The U.S. dollar has been falling lately as interest rates decline and traders ratchet up their bets on Fed rate cuts for early next year.
But not every currency has risen against the greenback over the past month. The Japanese yen bucked the trend to hit a 33-year low versus the dollar earlier this week.
The yen has been trending lower for close to two years as the Bank of Japan stubbornly holds onto its ultra-low interest rate policies despite the highest levels of inflation in decades.
The BoJ’s policies have been the polar opposite of other central banks, which have swiftly hiked rates to combat sizzling consumer prices.
Not even the prospect of lower rates in the U.S. has stemmed the bearishness surrounding the yen, though that could change if markets begin to price in more significant Fed rate cuts than they are today.
The $228 million Invesco Currencyshares Japanese Yen Trust (FXY) has fallen by 12% in 2023, while bargain hunters have added $76 million to the ETF so far this year.
Yen Decline and Currency Hedged ETFs
Funds tied to currencies aren’t the only ones impacted by the yen’s plunge to a 33-year low. Japanese equity ETFs, like the $13 billion iShares MSCI Japan ETF (EWJ), have been hurt by the drop in the currency as well.
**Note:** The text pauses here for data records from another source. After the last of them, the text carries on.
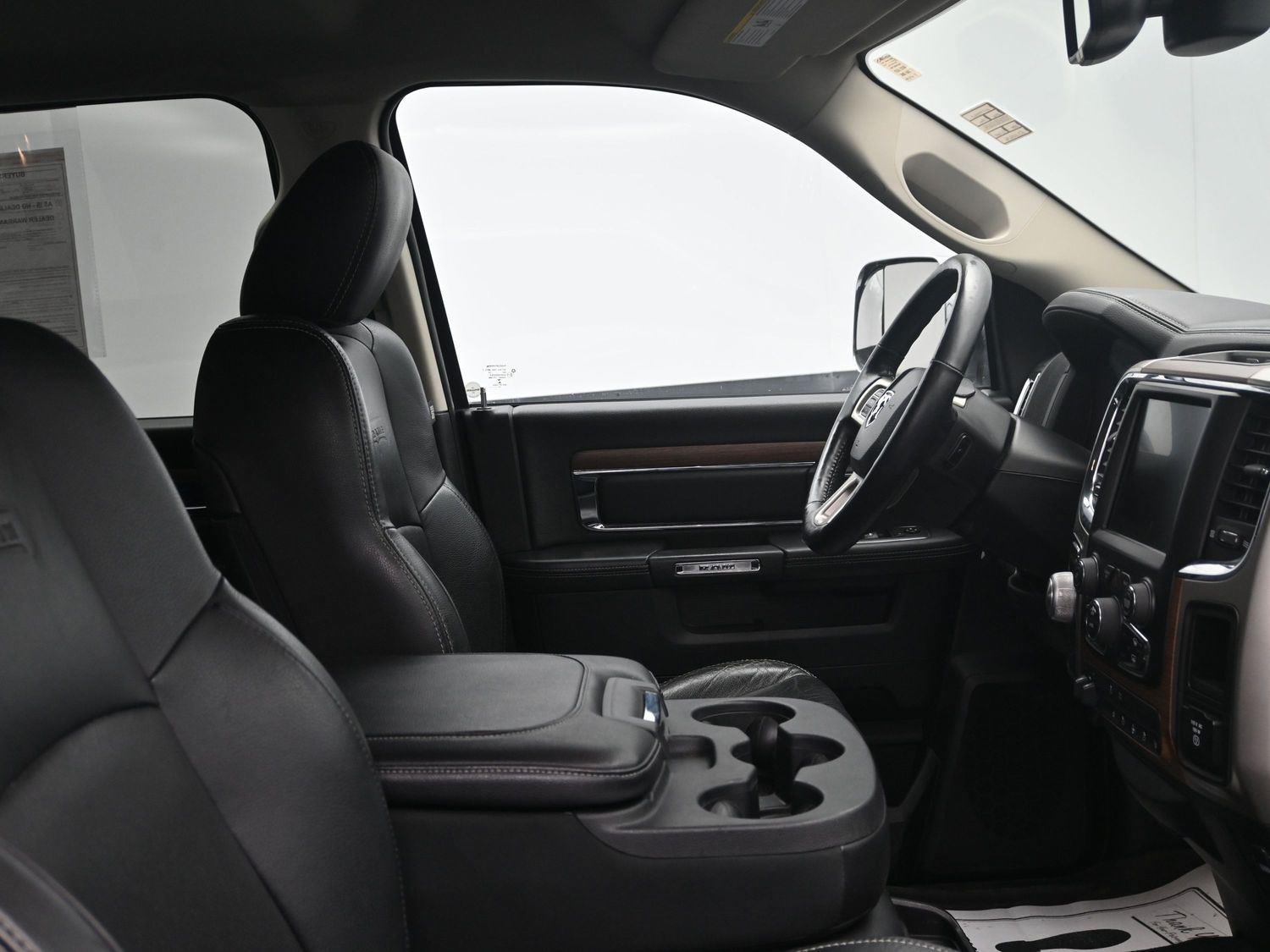 Used 2016 Bright Silver Metallic Clearcoat Ram Laramie image 10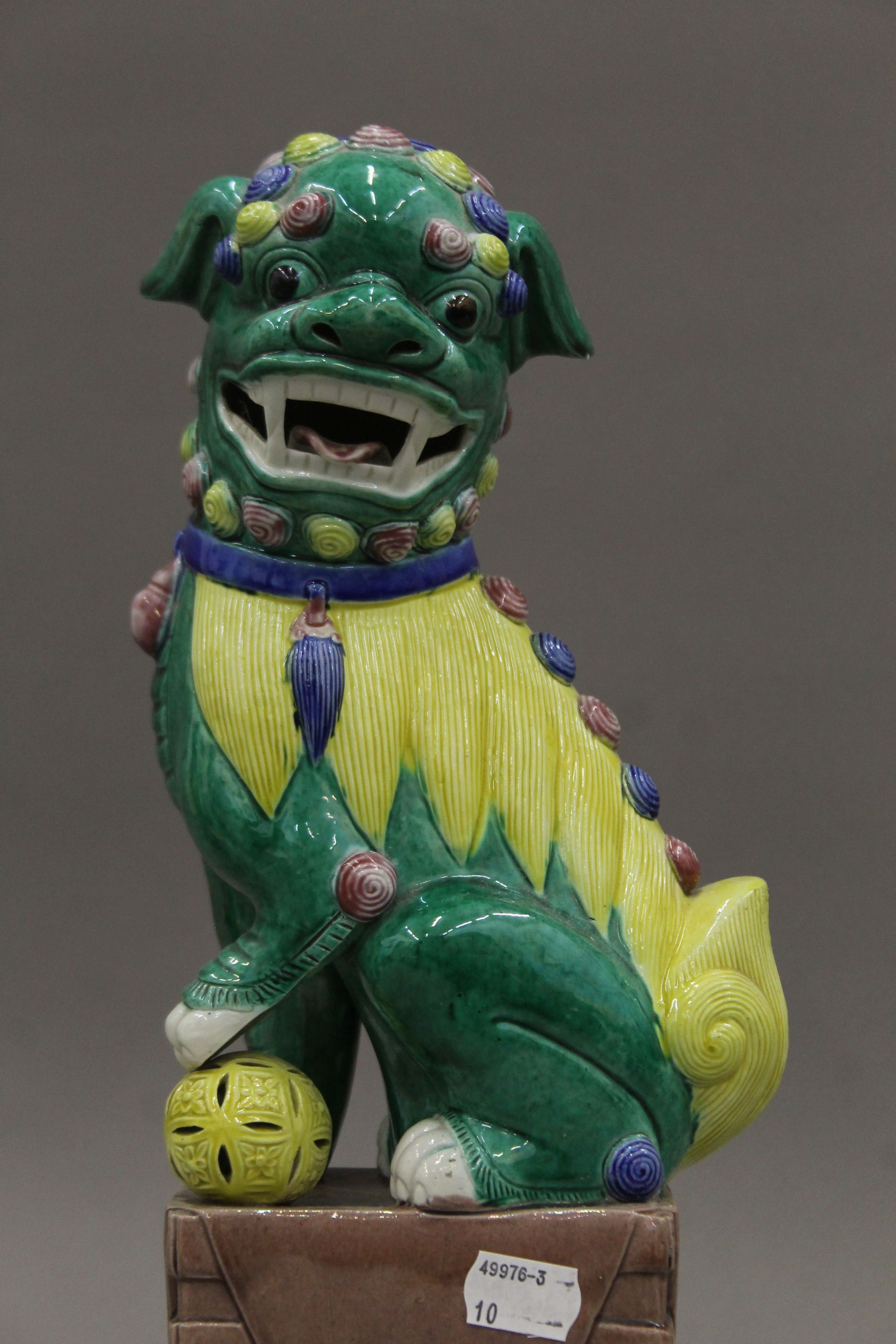 Three Chinese porcelain models of dogs-of-fo. The largest 35.5 cm high. - Image 3 of 6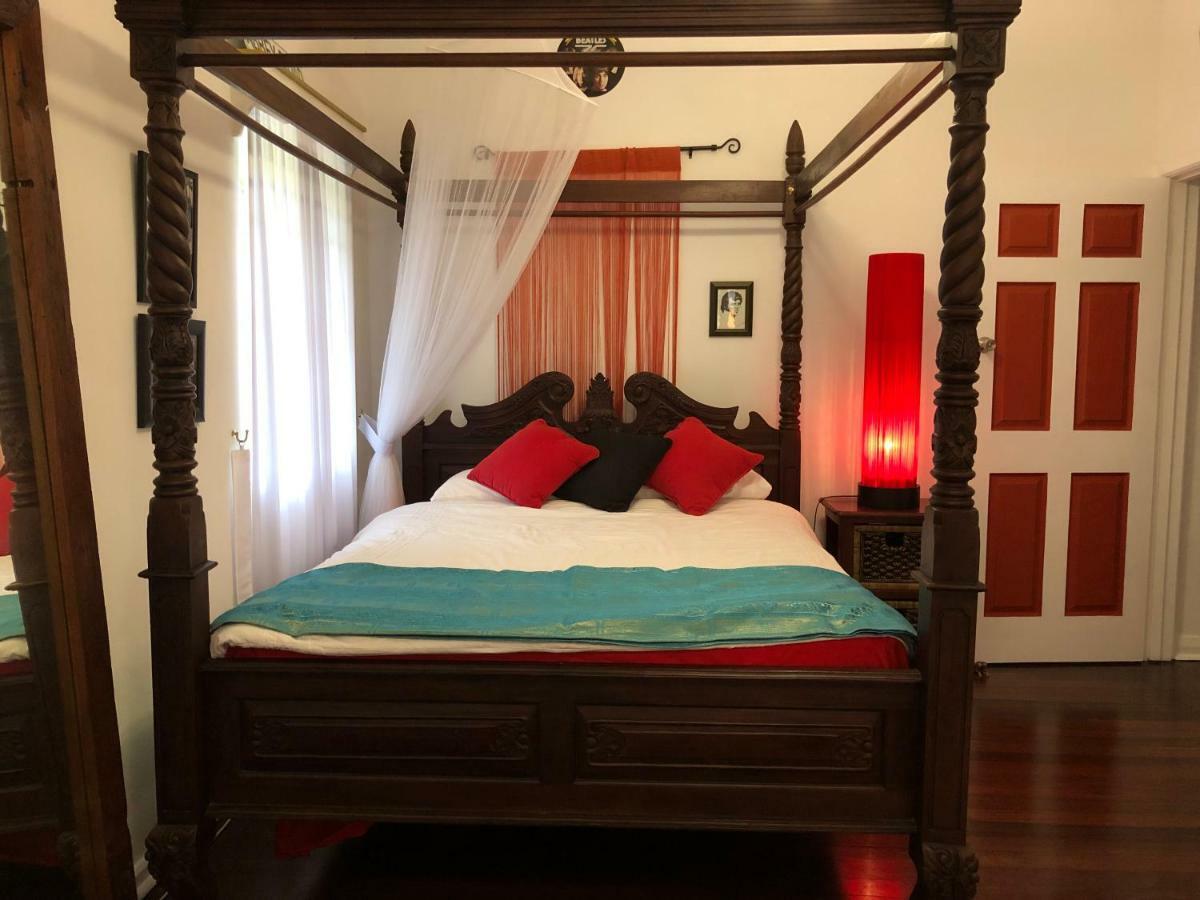 Island Time Guest Room Flying Fish Cove Esterno foto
Sure, EWJ is up 13.8% so far this year, but that sharply lags the nearly 30% gain for the MSCI Japan Index priced in yen. In other words, for U.S. investors, the decline in the yen has chopped off nearly half of the gains for EWJ.
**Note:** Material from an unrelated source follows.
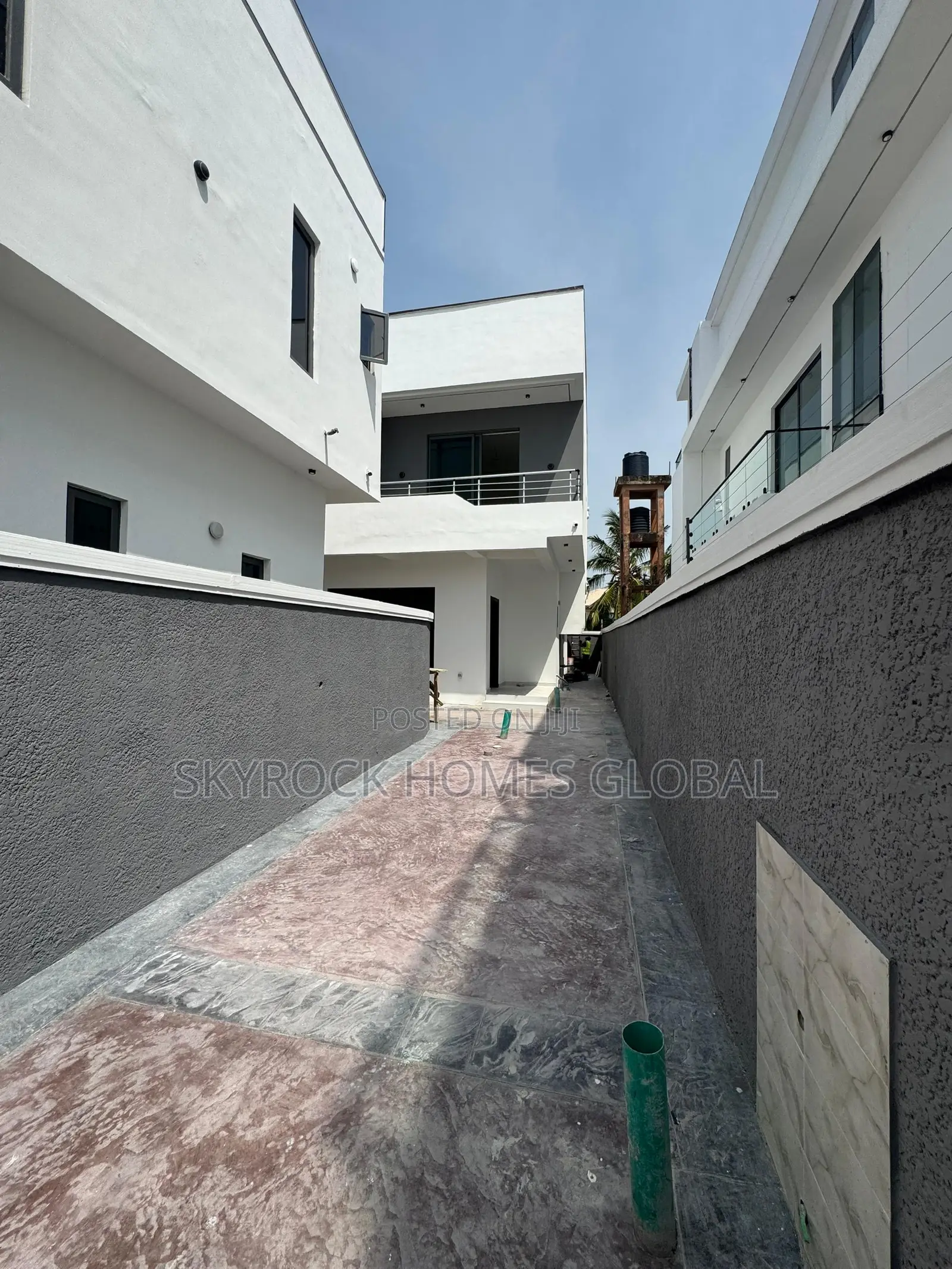 4bdrm Duplex in Igbo-efon for sale in Igbo-efon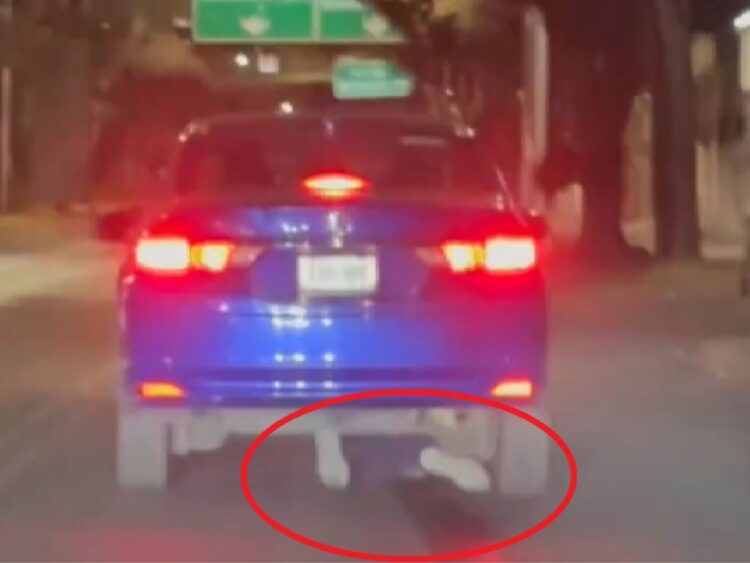 Policías de la SSC resguardan zona de accidente vial tras muerte de motociclista en la alcaldía Iztapalapa, CDMX.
ETFs that hedge currency exposure have fared better. iShares Currency Hedged MSCI Japan ETF (HEWJ) is higher by over 34%, while the WisdomTree Japan Hedged Equity ETF (DXJ), which also hedges currency exposure while tilting its portfolio towards companies that benefit from a weaker yen, is up by nearly 40%.
Currency hedged ETFs tend to outperform when the dollar is rising, while they underperform when the dollar is falling.